At the same time, housing departments, such as Sheffield city council’s, will face pressure because unemployment will create more housing problems and more homelessness. The budgets of these departments will have been cut, yet they will have to deal with advising or re-housing people in desperate circumstances. What we have not had a clear answer to is whether people who have to move home because they cannot pay their rent as housing benefit no longer covers it will be considered intentionally homeless. That is a fundamental point, so can we have an answer on it please? Can we also have an answer on whether the Government really are going to change the homeless legislation as Lord Freud indicated in order to see their way out of this problem without local authorities having to have the responsibility of housing people? Those are fundamental issues.
Why is it necessary to punish the couple in their 50s who lose their jobs, whose family have left home and who are living in a three-bedroom council house? Why is their home at risk because they have lost their jobs and housing benefit will not cover their rent as they are deemed to be under-occupying? This is simply not fair. It is a vicious and nasty policy that is aimed at hard-working people who happen to be unemployed and who then need to be re-housed too. These benefit reductions are not part of any grand policy on welfare reform and they are certainly not part of any clear housing strategy. They are part of an unfair agenda driven by the Chancellor, who has simply cut the incomes of some of the poorest people in our communities.

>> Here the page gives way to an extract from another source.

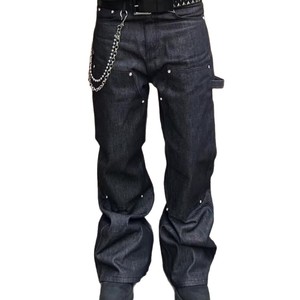 Pantalones Cargo de Mezclilla Vintage para Hombre, Corte Recto Ligeramente Acampanado, Holgados, Lavado Medio, Color Sólido, Cintura Media, Estilo Urbano - Product Image 2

My hon. Friend mentioned £21,000, but the average wage in the south-east is £17,000. The inflationary impact of housing benefit on those families has been huge.
My second point is that these rates have not seen an improvement in the housing stock. Some landlords are interested in the rental value rather than the capital appreciation because that gives them such a high return on their investment. Investing in the properties and in the fabric of them is therefore not a priority.
The third issue is the extreme concentration of housing benefit claimants in pockets in my constituency. That problem was brought up by my hon. Friends the Members for North East Hertfordshire (Mr Heald) and for Cardiff Central (Jenny Willott). We create micro-economies that attract a significant amount of housing benefit because property prices are so low and the return from housing benefit is proportionally high.
The current situation has fundamentally distorted housing in my area. The average wage in Thanet is £17,000 and housing benefits for the unemployed stand at more than £8,000 a year. Most working families cannot compete in that market.
Does my hon. Friend agree that one of the bizarre uses of the word “fair” during the whole debate has been the assumption that it is somehow unfair to people who are not working for them not to have better housing than those who are working? The whole point of this reform is to enable a level playing field in which people can live in the houses that they can afford from their work.